Volume forces are neglected in comparison to the load and the internal forces. Finally the Principle of Virtual Work writes:

$$ -\int{\kern-6pt}\int{\kern-6pt}\int_{V}\sigma_{ij}\varepsilon_{ij}^{*}\, dV + \int{\kern-6pt}\int_{S_{V}}T_{i}u^{*}_{i}\, dS = 0 \label{eq:VWP2} $$

(4)

Virtual Fields Method in Elasticity

In elasticity, assuming that the material is isotropic, Young’s modulus and Poisson’s ratio can be identified by using two different virtual fields.

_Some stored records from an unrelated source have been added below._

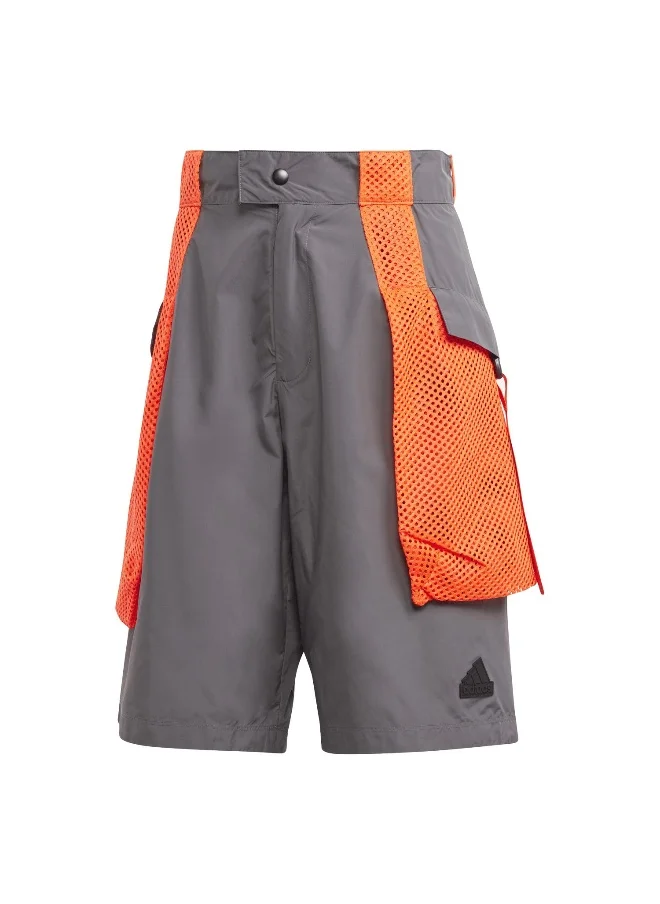 اديداس Adidas M Ce Q2 Pr Sho Grey Training Shorts For Men Xs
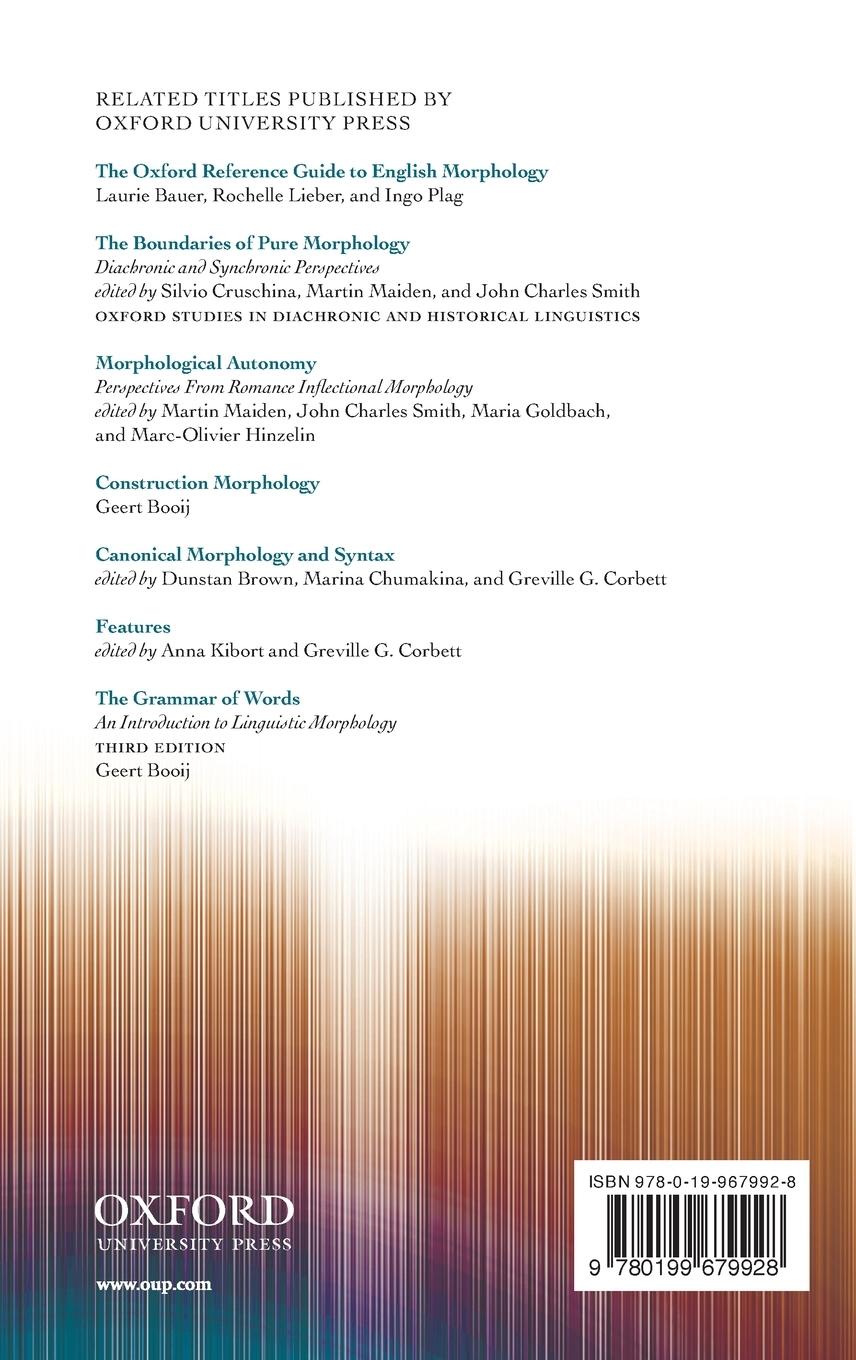 Rückseitencover Lexical Relatedness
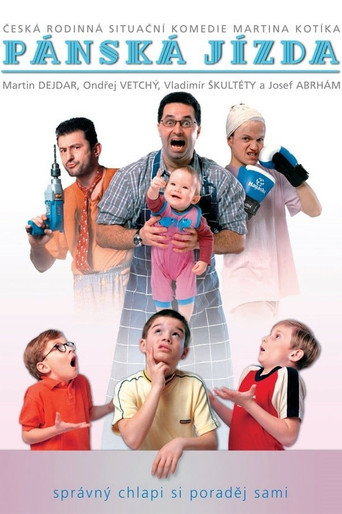 Pánská jízda movie poster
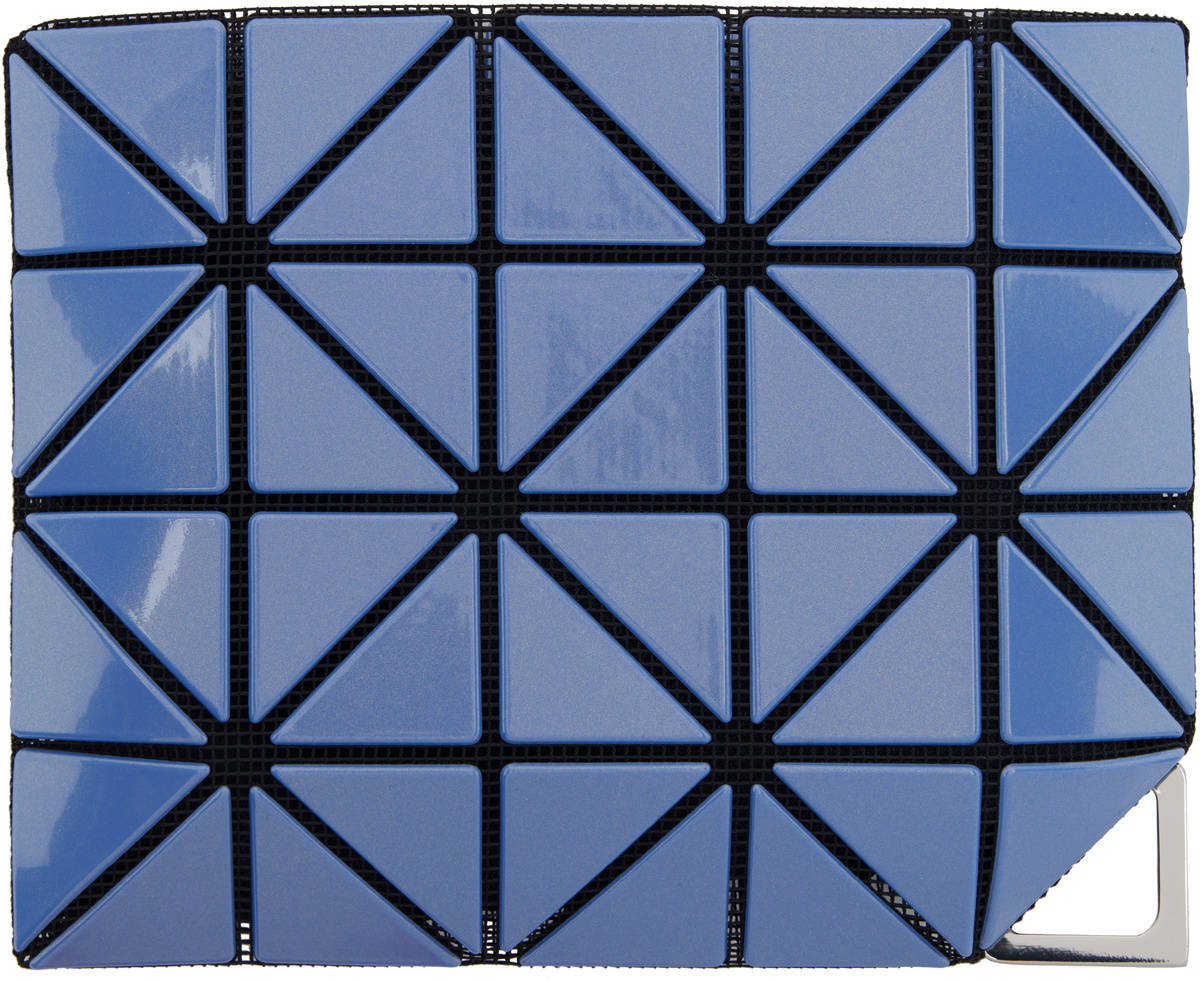 BAO BAO ISSEY MIYAKE Blue Flipper Card Holder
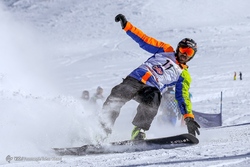 مسابقات انتخابی تیم ملی اسکی در پیست دربندسر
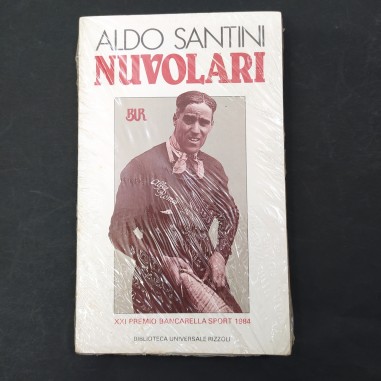 Libro Nuvolari - Aldo Santini Aldo Santini 1987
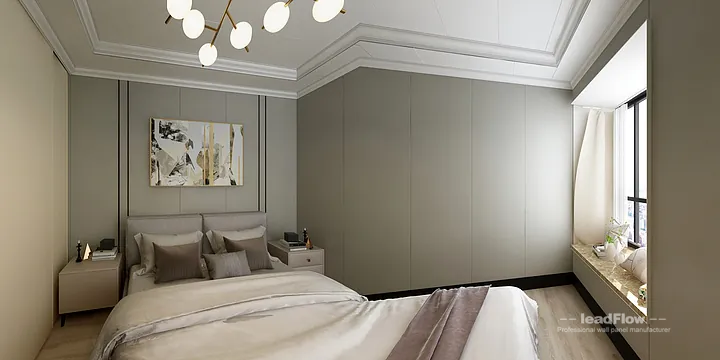 Premium WPC Wall Panel for Hangzhou Apartment &mdash; Premium Finish in Hangzhou, China - photo 10
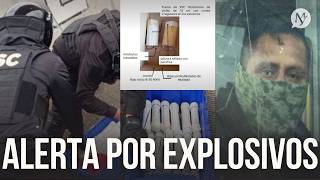 EXPLOSIVOS en camiones de la CNTE ¡Inteligencia ya tiene nombres!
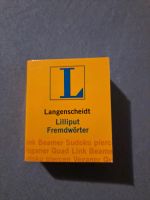 Langenscheidt Lilliput Fremdwörter Wörterbuch Niedersachsen - Syke Vorschau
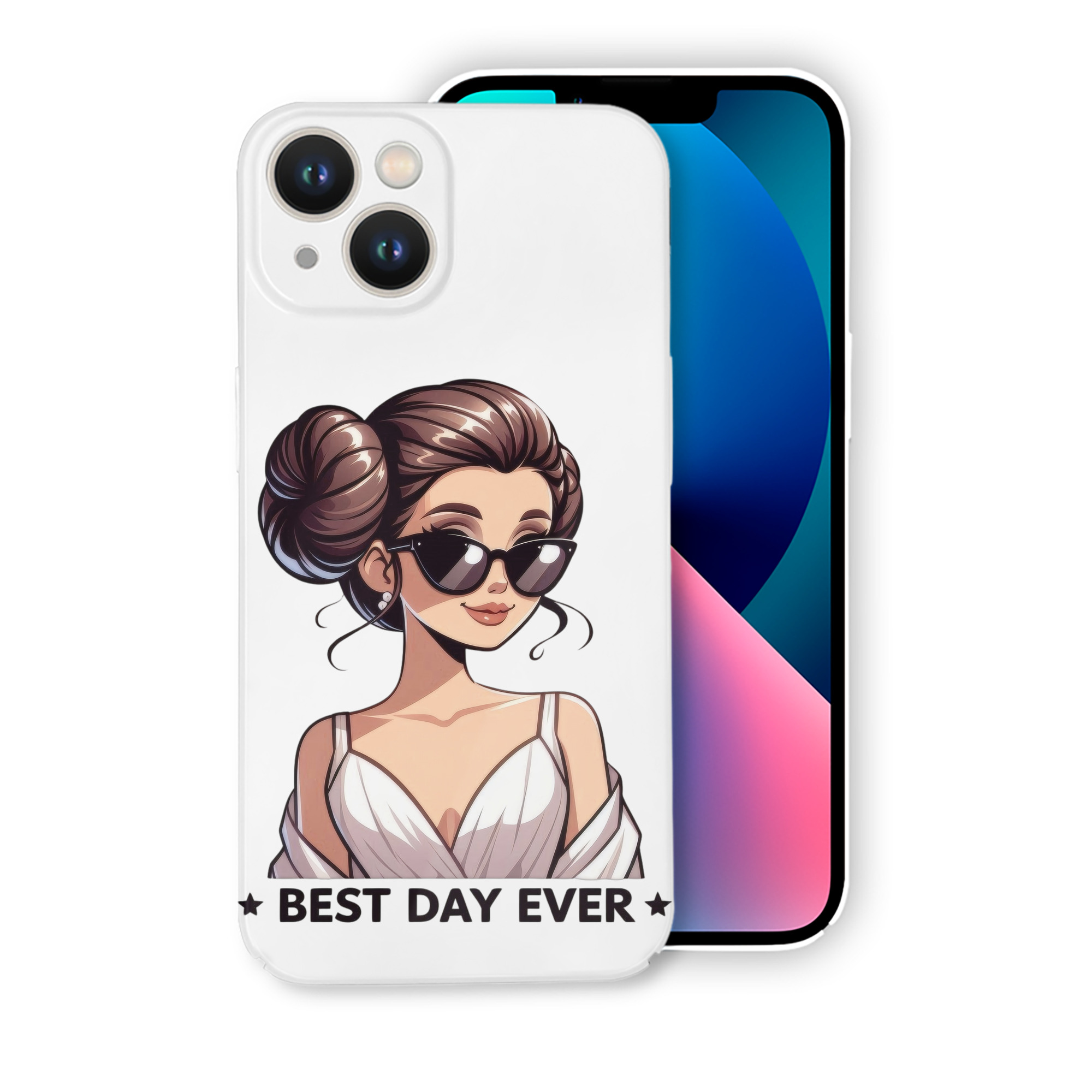 （画像用） スター・ウォーズ Star Wars 【iPhone 14シリーズ対応】ハードケース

The two following fields were used in this work:

$$ \left\{ \begin{array}{lll} u_{1}^{*(1)} & = & 0 \\[6pt] u_{2}^{*(1)} & = & x_{2} \end{array} \right. \label{eq:VFelast1} $$

(5)

$$ \left\{ \begin{array}{lll} u_{1}^{*(2)} & = & x_{2}(x_{2}-L)x_{1}\\[6pt] u_{2}^{*(2)} & = & 0 \end{array} \right. \label{eq:VFelast2} $$

(6)

where L is the length of the field of view (Fig. 1). It is assumed that the specimen is in a plane-stress state, so the first integral can be factorised by the thickness e with S the area of interest. By using equations (5) and (6) into equation (4) the Principle of Virtual Work can be written as a set of equations.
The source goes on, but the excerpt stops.